Schematron

Last updated

Schematron is a rule-based validation language for making assertions about the presence or absence of patterns in XML trees. It is a structural schema language expressed in XML using a small number of elements and XPath languages. In many implementations, the Schematron XML is processed into XSLT code for deployment anywhere that XSLT can be used.

Contents

Schematron is capable of expressing constraints in ways that other XML schema languages like XML Schema and DTD cannot. For example, it can require that the content of an element be controlled by one of its siblings. Or it can request or require that the root element, regardless of what element that is, must have specific attributes. Schematron can also specify required relationships between multiple XML files. Constraints and content rules may be associated with "plain-English" (or any language) validation error messages, allowing translation of numeric Schematron error codes into meaningful user error messages. Users of Schematron define all the error messages themselves. [1]
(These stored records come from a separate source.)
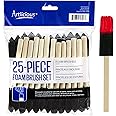 Artlicious 1 Inch Foam Brushes Wood Handle Paint Brush Set (Value Pack of 25) - Lightweight, Durable and Great for Acrylics, Stains, Varnishes, Art & Crafts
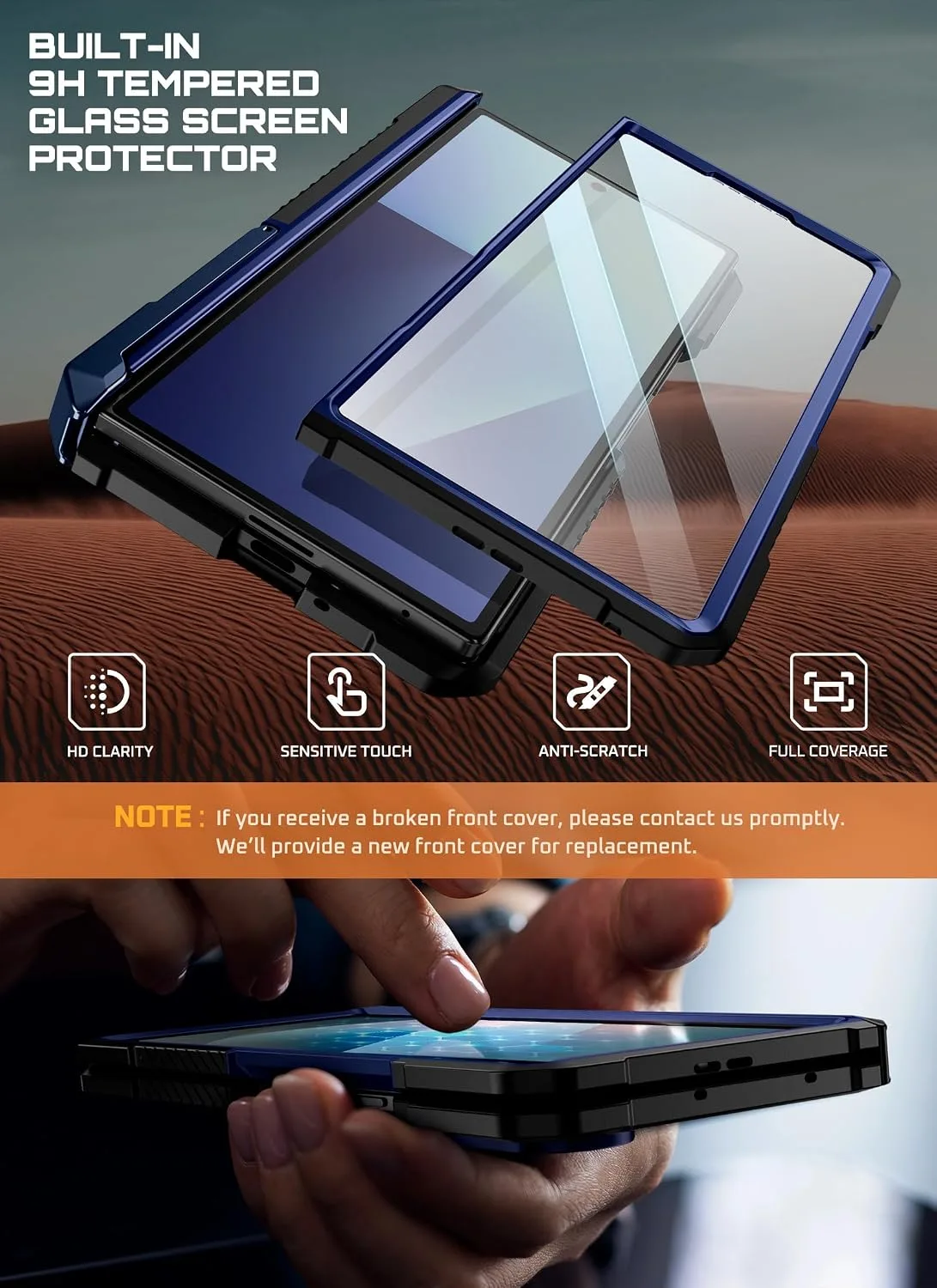 SUPCASE for Samsung Galaxy Z Fold 7 Case with Kickstand, Azure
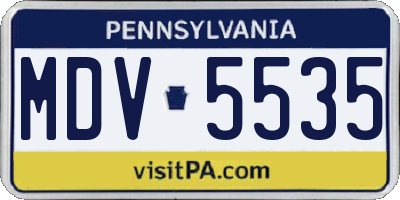 PA license plate MDV5535
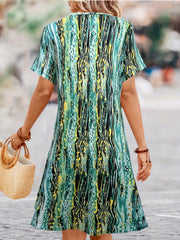Striped Short Sleeve Round Neck Dress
The current ISO recommendation is Information technology, Document Schema Definition Languages (DSDL), Part 3: Rule-based validation, Schematron (ISO/IEC 19757-3:2020).

Uses

Constraints are specified in Schematron using an XPath-based language that can be deployed as XSLT code, making it practical for applications such as the following:

Adjunct to Structural Validation
By testing for co-occurrence constraints, non-regular constraints, and inter-document constraints, Schematron can extend the validations that can be expressed in languages such as DTDs, RELAX NG or XML Schema. [2]
Lightweight Business Rules Engine
Schematron is not a comprehensive, Rete rules engine, but it can be used to express rules about complex structures with an XML document.
XML Editor Syntax Highlighting Rules
Some XML editors use Schematron rules to conditionally highlight XML files for errors. Not all XML editors support Schematron.

Versions

Schematron was invented by Rick Jelliffe while at Academia Sinica Computing Centre, Taiwan. He described Schematron as "a feather duster to reach the parts other schema languages cannot reach".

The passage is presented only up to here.